COPE MP Smuts Ngonyama was this week unveiled as the party’s mayoral candidate in Nelson Mandela Bay, while the PAC have put forward Jerome Mdyolo in Buffalo City.
Ngonyama was nominated by members of the Nelson Mandela Bay region and his nomination was unopposed at a recent congress national committee (CNC) meeting, party leadership said. This means if the party wins the majority vote in its first local government elections, the former Economic Development MEC could become mayor of the province’s biggest city.
However, his nomination is still to be ratified by the party’s working committee, said COPE secretary Deidre Carter yesterday.

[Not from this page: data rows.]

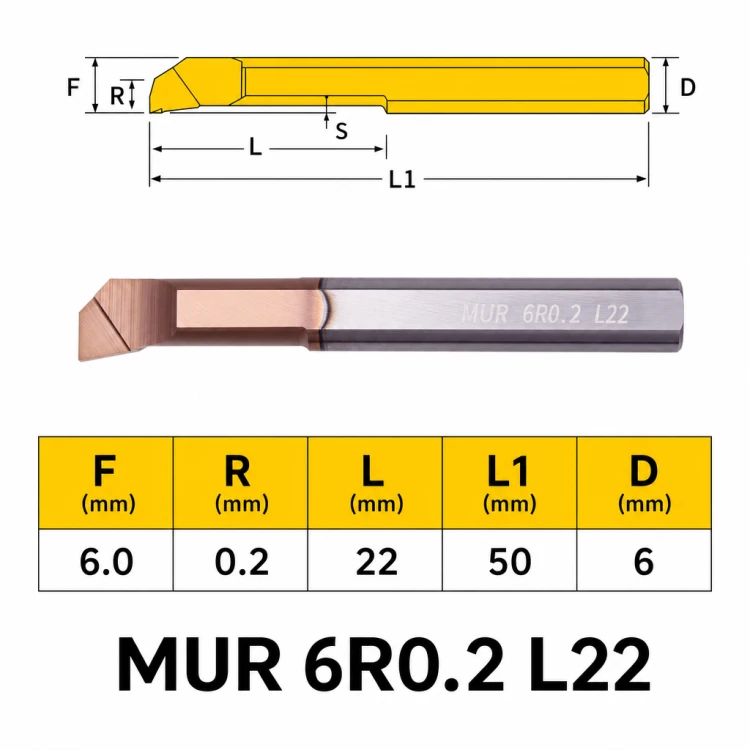 mur_var_30.png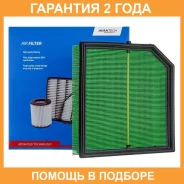 ������ ��������� Avantech / AF3028 �������� 24 ��� AF3028 ����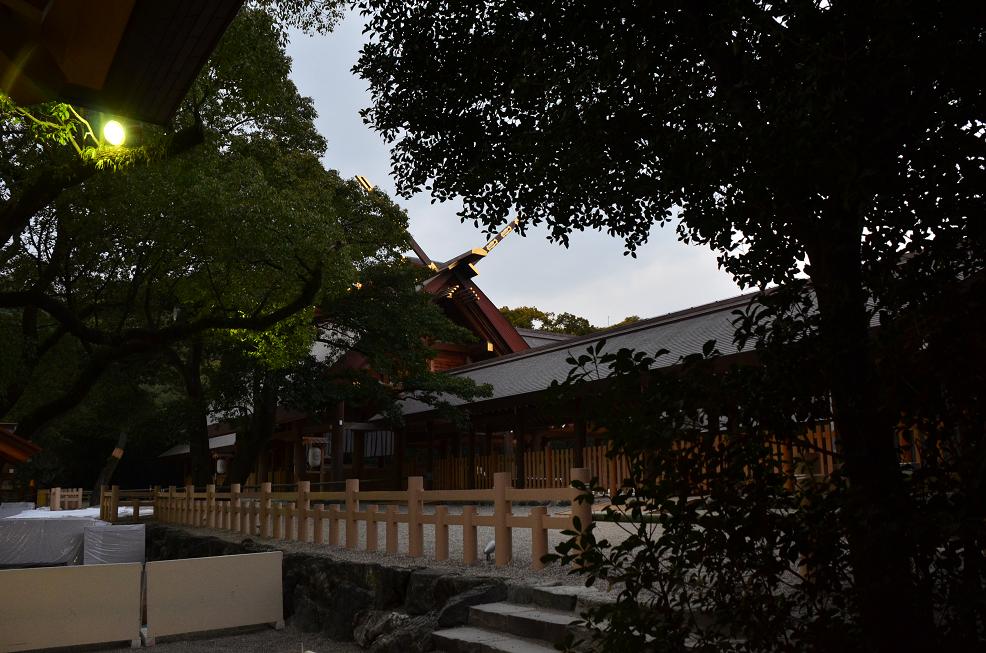 f0124830_2349228.jpg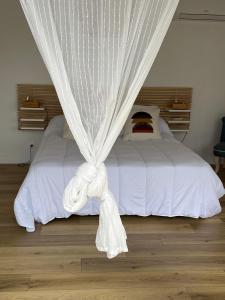 Villa Margaux Prestige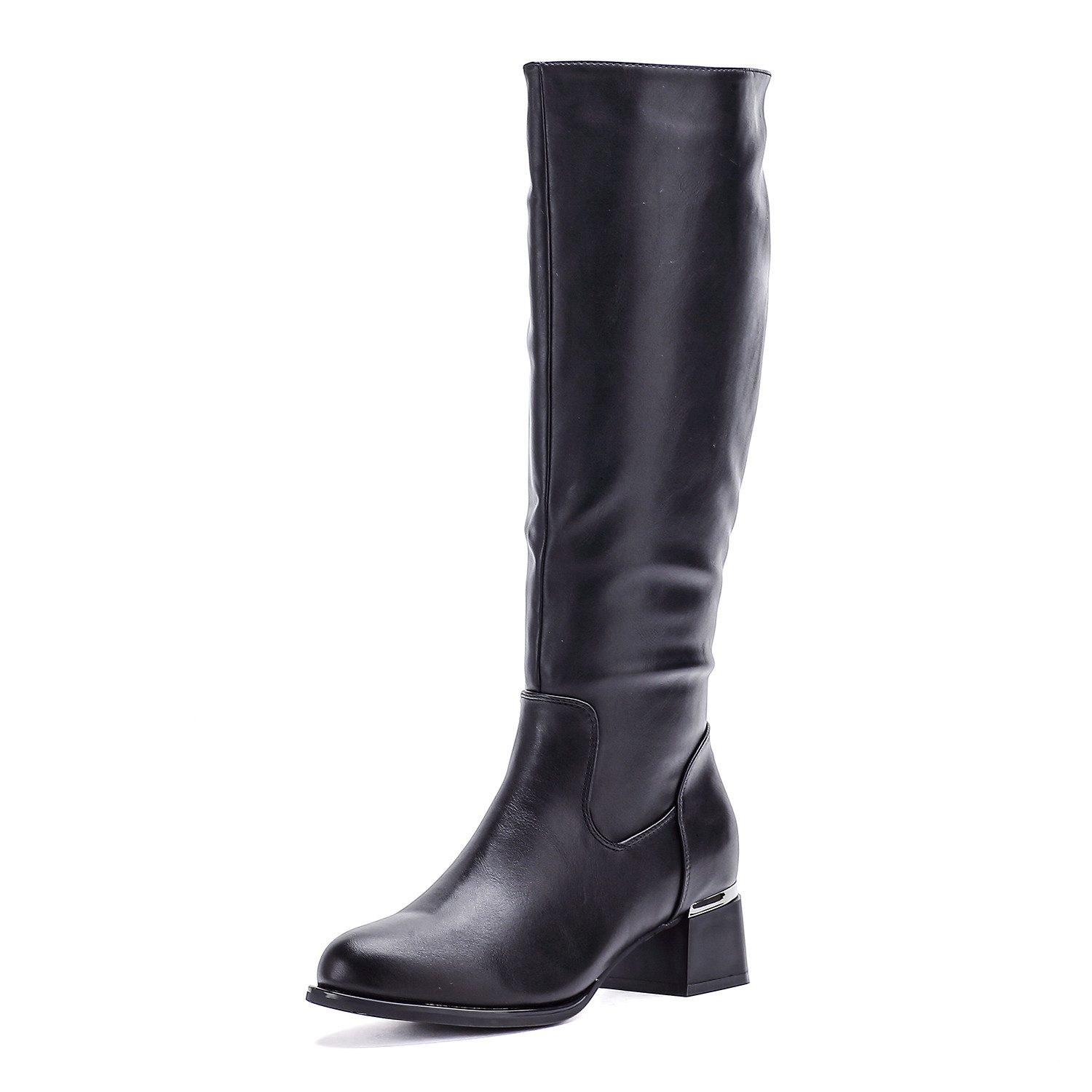 Stiefel Stiefel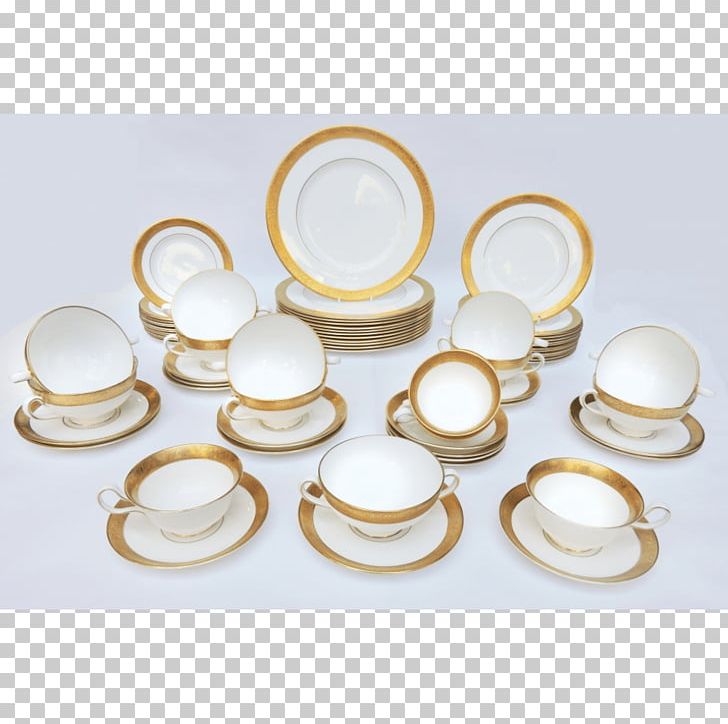 Porcelain Body Jewellery Tableware PNG, Clipart, Art, Body Jewellery, Body Jewelry, Cup, Dishware Free PNG Download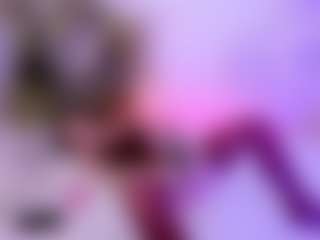 AdeleNovak's Live Sex Cam Show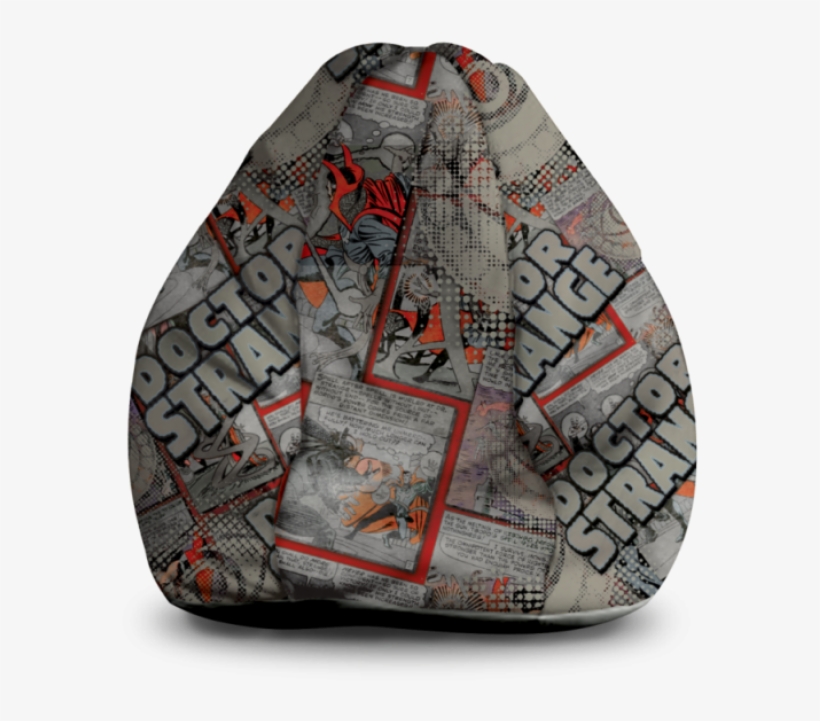 Dsnm6116 Drstng7 - Pyramid, transparent png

“The final decision on mayoral candidates has not yet been taken, but I can say that Smuts was not opposed when his nomination was brought up at our March 19 CNC,” she said.
Meanwhile, the ANC yesterday said the process of determining its mayoral candidates had not begun. Buffalo City region interim structure chairperson Mxolisi Dimaza said: “We will recommend two or even three names and submit those to the province, which will then apply its mind and submit recommendations to the NEC for a final decision. For now we have not been notified to begin the process.”
It is not clear yet whether current Buffalo City mayor Zukisa Faku will be retained.
Faku’s name appears in the top five names in an ANC candidate list. However, her tenure as mayo was fraught with controversy, and she has survived a vote of no confidence brought by ANC members.
Ngonyama could also be a controversial figure and most voters will remember him for words uttered in 2006. The former head of communications for the ANC achieved infamy, responding to an outcry after he received shares in a BEE deal by saying: “We did not struggle to be poor.”
COPE provincial spokesperson Lindile Mhlophe said party branches in the metro had specifically asked for Ngonyama. He said Ngonyama’s experience in Economic Development stood him in good stead.
“The metro used to be seen as a potential competitor to Tshwane, but that never happened because of political instability. We’re also hoping he could then bring stability to that key municipality.”
Mhlophe said an announcement on candidate mayors in other municipalities in the province, including Buffalo City, would be made shortly.
Though not targeting Buffalo City as yet, the DA has bolstered its proportional representation line- up, bringing in additional experienced members from other municipalities and the district.
The DA mayoral candidate in Nelson Mandela Bay, Leon de Villiers, previously said: “Our team has the ability to turn this metro around and make it a place of rising opportunity when we become the senior partner in a coalition.”